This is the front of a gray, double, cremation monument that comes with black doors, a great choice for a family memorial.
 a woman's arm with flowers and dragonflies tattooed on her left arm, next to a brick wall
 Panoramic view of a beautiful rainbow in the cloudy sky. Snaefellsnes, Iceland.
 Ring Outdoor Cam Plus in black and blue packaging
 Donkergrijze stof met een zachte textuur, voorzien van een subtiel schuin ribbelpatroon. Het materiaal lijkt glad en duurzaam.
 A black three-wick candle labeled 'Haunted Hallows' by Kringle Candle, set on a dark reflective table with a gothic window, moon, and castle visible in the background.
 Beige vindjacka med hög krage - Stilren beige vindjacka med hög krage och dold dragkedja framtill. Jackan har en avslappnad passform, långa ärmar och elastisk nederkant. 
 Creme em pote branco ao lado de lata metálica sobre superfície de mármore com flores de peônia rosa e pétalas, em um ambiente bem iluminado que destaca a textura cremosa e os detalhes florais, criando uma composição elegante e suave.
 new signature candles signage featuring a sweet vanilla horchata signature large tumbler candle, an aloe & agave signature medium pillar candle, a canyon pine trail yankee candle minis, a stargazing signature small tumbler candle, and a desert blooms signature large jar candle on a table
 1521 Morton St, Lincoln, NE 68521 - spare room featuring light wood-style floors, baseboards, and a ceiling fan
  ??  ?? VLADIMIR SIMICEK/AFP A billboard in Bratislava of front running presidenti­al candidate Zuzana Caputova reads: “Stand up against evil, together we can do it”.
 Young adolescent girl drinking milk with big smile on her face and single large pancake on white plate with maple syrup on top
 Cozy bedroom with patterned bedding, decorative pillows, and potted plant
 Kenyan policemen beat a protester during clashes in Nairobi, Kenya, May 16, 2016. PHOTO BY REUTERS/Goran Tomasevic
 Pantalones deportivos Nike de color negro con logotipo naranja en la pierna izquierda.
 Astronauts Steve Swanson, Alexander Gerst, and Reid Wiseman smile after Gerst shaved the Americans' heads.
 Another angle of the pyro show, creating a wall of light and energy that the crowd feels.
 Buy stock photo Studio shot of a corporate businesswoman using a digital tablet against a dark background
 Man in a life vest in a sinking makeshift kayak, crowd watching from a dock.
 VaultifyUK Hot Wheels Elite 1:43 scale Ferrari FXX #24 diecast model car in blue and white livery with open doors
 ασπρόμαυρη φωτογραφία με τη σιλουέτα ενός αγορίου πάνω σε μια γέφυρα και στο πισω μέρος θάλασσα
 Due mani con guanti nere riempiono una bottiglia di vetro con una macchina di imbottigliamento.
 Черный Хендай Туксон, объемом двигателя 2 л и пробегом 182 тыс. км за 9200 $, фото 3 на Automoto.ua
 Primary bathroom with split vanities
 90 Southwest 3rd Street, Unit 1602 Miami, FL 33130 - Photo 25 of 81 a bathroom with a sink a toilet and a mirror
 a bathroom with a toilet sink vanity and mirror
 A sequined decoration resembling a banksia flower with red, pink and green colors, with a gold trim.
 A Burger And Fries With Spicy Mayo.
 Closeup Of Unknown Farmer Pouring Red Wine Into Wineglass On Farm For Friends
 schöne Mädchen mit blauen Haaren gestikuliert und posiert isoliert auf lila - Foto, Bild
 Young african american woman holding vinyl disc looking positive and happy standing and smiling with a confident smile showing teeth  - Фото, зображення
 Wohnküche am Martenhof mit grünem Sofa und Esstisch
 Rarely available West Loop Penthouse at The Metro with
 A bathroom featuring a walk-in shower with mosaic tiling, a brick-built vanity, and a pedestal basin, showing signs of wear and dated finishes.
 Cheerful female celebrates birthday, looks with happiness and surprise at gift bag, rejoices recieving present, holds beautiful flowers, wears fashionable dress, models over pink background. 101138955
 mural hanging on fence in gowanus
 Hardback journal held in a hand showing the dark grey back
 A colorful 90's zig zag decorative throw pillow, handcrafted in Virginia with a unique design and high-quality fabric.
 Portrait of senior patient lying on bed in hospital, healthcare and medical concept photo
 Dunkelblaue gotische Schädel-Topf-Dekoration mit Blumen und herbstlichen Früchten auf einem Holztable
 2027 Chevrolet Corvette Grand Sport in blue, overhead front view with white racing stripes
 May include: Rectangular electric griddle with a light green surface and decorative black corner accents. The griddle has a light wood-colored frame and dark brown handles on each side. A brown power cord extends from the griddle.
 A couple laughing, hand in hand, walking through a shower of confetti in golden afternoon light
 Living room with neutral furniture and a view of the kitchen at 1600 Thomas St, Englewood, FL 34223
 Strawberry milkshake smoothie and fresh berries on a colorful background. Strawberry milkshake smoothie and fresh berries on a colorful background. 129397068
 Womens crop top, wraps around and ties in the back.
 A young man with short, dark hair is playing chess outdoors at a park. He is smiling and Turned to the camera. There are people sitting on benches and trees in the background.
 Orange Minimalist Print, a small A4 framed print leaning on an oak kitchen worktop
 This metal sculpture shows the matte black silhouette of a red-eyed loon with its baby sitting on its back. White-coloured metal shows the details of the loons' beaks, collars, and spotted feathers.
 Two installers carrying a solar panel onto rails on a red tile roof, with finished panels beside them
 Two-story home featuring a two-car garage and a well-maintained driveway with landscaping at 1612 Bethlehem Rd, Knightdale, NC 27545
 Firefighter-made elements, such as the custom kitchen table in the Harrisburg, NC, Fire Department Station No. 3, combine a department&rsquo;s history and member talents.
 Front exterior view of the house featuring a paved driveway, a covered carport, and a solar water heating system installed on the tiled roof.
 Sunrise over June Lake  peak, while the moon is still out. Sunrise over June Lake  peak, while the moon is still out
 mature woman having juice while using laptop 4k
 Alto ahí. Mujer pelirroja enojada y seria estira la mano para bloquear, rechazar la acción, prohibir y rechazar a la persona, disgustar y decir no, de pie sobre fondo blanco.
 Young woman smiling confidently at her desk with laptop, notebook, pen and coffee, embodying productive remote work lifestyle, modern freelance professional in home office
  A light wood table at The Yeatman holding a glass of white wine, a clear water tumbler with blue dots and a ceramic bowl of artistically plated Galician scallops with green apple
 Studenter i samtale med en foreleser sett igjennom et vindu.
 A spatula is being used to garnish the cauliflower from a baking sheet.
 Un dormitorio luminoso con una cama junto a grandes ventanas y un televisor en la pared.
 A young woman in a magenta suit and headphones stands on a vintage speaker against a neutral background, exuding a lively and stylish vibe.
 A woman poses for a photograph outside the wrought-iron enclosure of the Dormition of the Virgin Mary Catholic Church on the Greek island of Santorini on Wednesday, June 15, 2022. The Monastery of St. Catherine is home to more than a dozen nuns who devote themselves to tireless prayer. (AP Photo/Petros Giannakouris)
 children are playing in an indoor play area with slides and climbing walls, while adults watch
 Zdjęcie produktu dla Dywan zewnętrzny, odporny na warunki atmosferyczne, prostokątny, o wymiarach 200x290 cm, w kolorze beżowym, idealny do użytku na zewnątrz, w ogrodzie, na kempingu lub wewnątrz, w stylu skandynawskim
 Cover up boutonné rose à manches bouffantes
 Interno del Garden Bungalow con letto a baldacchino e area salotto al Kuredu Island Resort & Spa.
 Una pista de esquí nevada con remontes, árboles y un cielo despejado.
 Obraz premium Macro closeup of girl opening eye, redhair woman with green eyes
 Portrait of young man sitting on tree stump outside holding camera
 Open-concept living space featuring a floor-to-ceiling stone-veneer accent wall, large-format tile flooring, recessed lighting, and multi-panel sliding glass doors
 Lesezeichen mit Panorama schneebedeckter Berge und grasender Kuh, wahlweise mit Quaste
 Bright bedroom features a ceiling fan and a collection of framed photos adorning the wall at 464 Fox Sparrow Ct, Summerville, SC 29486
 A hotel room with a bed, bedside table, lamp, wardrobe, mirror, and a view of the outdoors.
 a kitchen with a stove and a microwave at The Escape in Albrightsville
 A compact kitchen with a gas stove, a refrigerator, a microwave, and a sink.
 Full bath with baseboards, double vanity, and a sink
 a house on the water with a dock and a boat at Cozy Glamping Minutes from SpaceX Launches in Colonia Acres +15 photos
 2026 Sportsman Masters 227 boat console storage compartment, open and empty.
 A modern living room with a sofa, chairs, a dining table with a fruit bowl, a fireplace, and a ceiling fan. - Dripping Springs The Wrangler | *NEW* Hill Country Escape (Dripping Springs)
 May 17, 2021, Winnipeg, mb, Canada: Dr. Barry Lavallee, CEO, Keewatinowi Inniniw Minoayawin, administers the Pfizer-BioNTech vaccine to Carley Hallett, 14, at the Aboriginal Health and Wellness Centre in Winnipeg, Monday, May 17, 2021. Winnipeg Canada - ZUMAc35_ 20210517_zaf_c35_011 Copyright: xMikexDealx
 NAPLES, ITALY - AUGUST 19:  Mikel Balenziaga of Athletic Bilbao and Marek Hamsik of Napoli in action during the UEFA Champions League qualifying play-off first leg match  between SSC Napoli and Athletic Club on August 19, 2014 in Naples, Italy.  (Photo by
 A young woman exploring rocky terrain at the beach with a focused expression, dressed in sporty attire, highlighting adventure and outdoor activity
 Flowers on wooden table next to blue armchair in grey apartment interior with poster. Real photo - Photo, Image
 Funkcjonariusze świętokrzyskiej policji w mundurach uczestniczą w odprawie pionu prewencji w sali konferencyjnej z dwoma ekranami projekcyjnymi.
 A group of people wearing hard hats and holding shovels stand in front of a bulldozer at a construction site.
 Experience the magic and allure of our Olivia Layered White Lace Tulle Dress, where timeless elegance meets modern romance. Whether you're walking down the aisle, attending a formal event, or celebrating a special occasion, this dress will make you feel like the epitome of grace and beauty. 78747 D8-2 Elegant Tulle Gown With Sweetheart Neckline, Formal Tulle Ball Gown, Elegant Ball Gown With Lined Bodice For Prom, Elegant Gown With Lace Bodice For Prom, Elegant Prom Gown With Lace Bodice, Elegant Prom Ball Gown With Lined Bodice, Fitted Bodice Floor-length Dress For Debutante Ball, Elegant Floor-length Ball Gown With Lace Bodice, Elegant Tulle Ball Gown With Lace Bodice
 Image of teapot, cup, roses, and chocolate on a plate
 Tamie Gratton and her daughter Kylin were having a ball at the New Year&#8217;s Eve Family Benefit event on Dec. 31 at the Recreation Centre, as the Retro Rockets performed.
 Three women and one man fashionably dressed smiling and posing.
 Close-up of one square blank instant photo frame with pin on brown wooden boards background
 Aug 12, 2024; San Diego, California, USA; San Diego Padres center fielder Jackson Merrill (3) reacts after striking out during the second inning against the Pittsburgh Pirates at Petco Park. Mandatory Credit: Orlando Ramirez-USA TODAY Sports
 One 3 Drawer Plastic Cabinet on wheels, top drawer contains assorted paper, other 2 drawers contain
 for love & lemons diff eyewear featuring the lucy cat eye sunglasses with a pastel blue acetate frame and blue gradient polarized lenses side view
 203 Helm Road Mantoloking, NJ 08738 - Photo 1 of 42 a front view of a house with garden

....

Task objective: Give back exactly the lines of the listing above that run from the line with "A colorful 90's" to the line with "Portrait of senior", inclusive.

Answer area:
 A colorful 90's zig zag decorative throw pillow, handcrafted in Virginia with a unique design and high-quality fabric.
 Portrait of senior patient lying on bed in hospital, healthcare and medical concept photo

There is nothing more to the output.